#### Dataset ####
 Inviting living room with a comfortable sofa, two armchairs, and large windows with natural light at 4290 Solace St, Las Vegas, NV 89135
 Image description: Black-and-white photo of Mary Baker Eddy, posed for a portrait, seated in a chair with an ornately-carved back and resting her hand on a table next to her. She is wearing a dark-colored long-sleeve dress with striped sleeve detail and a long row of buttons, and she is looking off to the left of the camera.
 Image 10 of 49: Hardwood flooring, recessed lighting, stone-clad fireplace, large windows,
####
#### Dataset ####
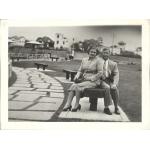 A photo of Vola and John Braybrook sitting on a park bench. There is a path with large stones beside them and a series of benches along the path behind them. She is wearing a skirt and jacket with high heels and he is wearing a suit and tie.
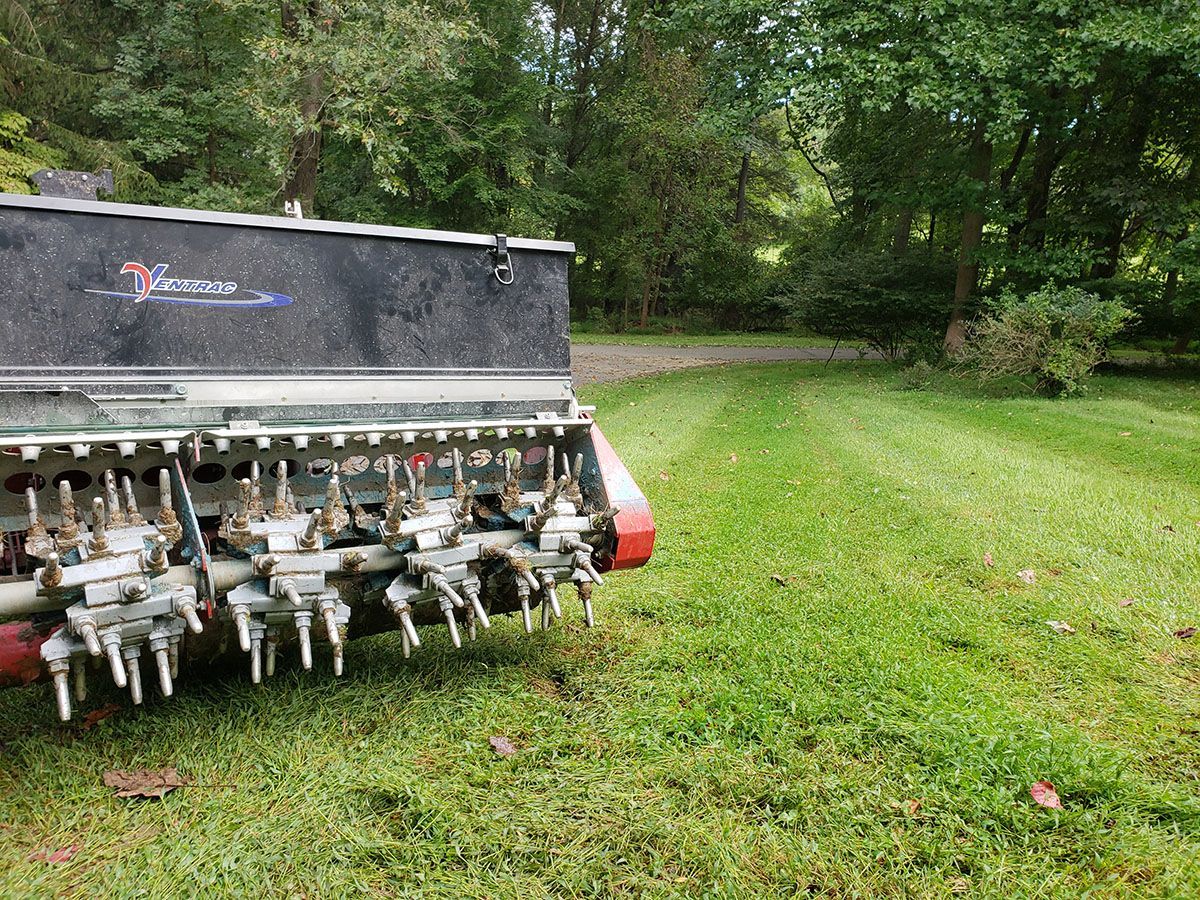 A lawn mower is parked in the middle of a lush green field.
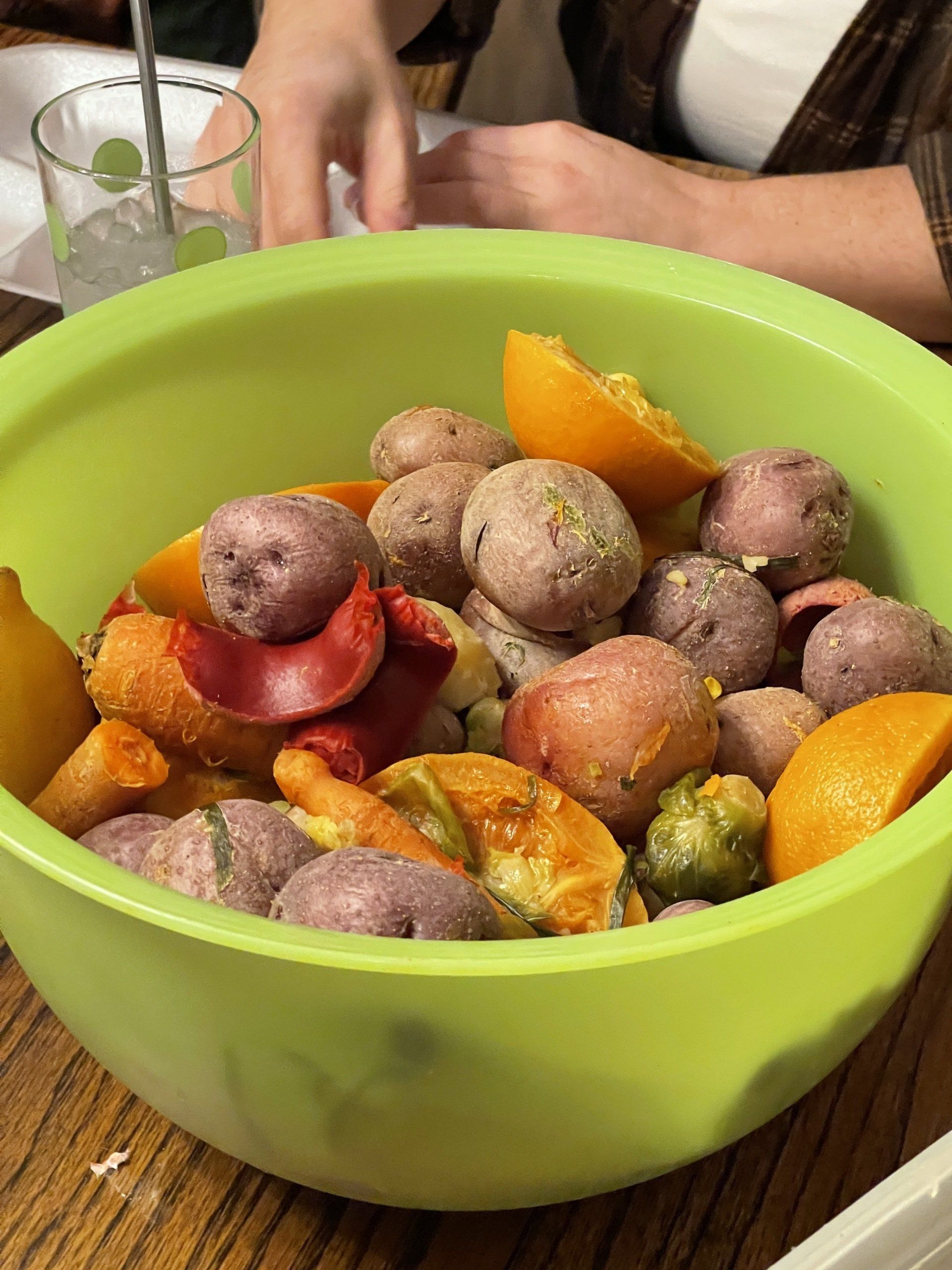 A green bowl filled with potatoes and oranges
####
#### Dataset ####
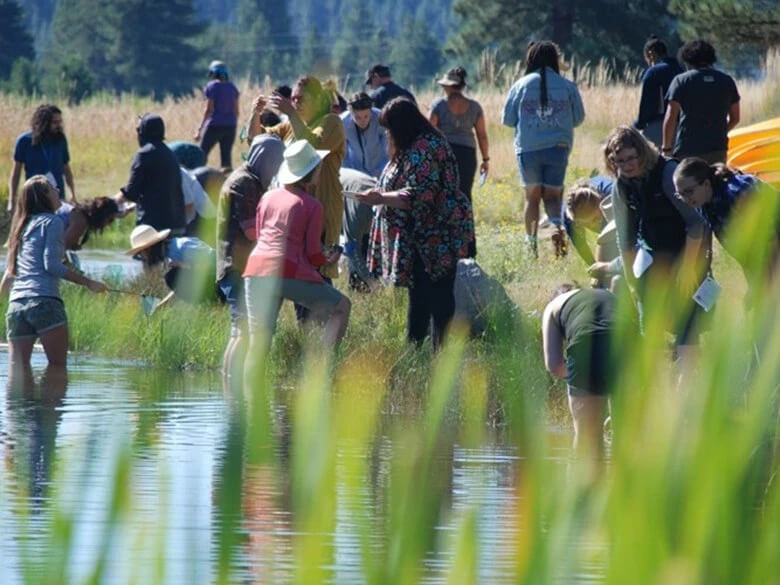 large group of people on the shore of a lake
####
Taking the entries above, copy word for word the lines from the one with "A photo of Vola" up to and including the one with "A green bowl", without any picture.

 A photo of Vola and John Braybrook sitting on a park bench. There is a path with large stones beside them and a series of benches along the path behind them. She is wearing a skirt and jacket with high heels and he is wearing a suit and tie.
 A lawn mower is parked in the middle of a lush green field.
 A green bowl filled with potatoes and oranges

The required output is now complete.